La Universidad de Castilla-La Mancha ofreció el otro día en Ciudad Real un reconocimiento a los mejores estudiantes de la comunidad autónoma en la reciente prueba de la Evau. También quiso premiar a los ganadores de las diferentes olimpiadas que se establecen y convocan entre institutos. El resultado fue que los alumnos más brillantes de la región se dieron todos cita a la llamada del Rector, en un acto sencillo, cariñoso y emotivo. Uno reconocía el tremendo esfuerzo hecho por cada uno de ellos. Lo ha visto en casa y es consciente del enorme sacrificio hecho día y noche por ellos, renunciando a parte de su vida social y lúdica por los estudios. Siempre fue así, pero es verdad que de un tiempo a esta parte -lejos del cliché según el cual las generaciones que vienen ahora son peores o tienen una formación deficiente-, el estrés que les procura la primera gran prueba contra la que se enfrentan, les impregna el ánimo prácticamente el curso entero.
Yo le decía a mi hijo que sería la primera de las enormes dificultades que luego se encontraría, aunque también le aseguraba que no es tan fiero el lobo como lo pintan. Contemplar a los mejores bajo un mismo techo me emocionó, pues en sus manos queda a partir de ahora el futuro de la región y el país.
Hace menos de cuatro décadas, quien quería estudiar debía irse fuera. Ahora sólo lo hace un pequeño porcentaje por diferentes circunstancias, pero en ningún caso la imposibilidad económica. Sólo por eso merece la pena un Estado mínimo de bienestar, aunque nos joda a los liberales. Lo que fundamentalmente sentí aquella tarde fue envidia, una tremenda envidia por no tener de nuevo los dieciocho años y el derecho a equivocarse cuantas veces quieran o la vida lo provoque. Dieciocho años es una edad sensacional que sólo se alcanza una vez y no vuelve. No es como la primavera que siempre retorna al cabo de los meses. Ahora el mundo se abre ante ellos en jarras y podrán amar a destiempo, correr a deshora o pensar que se comen el mundo. La vida se encargará, siempre lo hace para una cosa u otra… Nos pone en su sitio sin que eso sea malo.
Recuerdo una entrevista a Perales en la que me dijo que toda la ilusión cuando tenía su guitarrita en Castejón era salir y ver qué había tras las montañas.
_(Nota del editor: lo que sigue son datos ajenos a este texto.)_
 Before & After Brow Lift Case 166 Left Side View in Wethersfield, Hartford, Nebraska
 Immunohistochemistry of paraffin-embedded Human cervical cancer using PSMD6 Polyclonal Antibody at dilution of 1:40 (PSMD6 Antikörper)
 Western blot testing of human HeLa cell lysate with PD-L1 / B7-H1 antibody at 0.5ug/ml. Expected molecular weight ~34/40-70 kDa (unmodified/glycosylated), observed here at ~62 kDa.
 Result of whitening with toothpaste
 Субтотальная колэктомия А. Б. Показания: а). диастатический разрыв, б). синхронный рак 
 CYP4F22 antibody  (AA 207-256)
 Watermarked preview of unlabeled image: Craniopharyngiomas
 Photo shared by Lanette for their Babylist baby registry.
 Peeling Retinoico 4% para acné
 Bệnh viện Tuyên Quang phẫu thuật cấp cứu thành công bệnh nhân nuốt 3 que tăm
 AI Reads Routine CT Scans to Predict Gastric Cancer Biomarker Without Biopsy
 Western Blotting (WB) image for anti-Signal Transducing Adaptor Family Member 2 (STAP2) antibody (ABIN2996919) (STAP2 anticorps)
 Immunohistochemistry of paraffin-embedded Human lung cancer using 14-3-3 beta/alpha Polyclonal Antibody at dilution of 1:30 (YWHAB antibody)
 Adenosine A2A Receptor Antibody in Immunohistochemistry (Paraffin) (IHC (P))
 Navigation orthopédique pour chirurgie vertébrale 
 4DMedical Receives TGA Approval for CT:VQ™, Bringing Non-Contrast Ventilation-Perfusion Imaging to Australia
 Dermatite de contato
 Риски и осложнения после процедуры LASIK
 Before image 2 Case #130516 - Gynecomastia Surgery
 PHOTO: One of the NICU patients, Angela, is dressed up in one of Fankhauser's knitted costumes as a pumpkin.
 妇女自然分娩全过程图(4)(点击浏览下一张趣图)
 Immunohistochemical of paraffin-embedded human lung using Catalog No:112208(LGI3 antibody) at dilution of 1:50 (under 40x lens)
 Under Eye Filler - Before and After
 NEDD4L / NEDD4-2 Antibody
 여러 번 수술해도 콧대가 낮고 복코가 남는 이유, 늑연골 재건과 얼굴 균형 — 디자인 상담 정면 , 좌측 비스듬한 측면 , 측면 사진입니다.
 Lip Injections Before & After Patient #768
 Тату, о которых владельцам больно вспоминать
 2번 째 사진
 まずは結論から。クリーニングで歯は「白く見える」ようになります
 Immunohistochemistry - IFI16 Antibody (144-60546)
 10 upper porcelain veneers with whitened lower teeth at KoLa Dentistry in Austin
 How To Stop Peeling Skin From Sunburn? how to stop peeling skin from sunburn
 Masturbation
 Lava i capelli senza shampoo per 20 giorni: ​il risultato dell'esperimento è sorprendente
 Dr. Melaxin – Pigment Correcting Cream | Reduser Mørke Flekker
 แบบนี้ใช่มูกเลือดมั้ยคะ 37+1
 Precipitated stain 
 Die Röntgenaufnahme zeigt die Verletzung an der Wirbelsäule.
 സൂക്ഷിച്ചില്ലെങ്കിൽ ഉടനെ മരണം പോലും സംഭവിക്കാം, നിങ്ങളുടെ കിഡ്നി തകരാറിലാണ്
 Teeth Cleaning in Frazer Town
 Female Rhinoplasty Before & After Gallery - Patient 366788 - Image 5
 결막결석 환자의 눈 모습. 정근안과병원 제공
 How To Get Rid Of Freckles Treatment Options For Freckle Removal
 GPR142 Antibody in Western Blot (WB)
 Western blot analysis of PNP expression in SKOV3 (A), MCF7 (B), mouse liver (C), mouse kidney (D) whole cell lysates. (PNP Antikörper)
Después, con su misma guitarrita llegó a los confines del mundo y hubo un momento concreto en que ya sólo contaban las ganas infinitas de volver al primer nido. Esa debe de ser la vida. Por eso, a los mejores que el otro día estuvieron sobre las tablas del paraninfo, sólo puedo decirles que se beban la vida a sorbos y tragos lentos, que la disfruten sin renunciar a la prisa, la rabia o el deseo. Pero pensando que jamás nada de eso volverá a florecer entre sus manos. Enhorabuena, talentos… La asignatura más difícil de aprobar será la de vuestra propia vida. Pero los astros siempre son favorables para osados y héroes.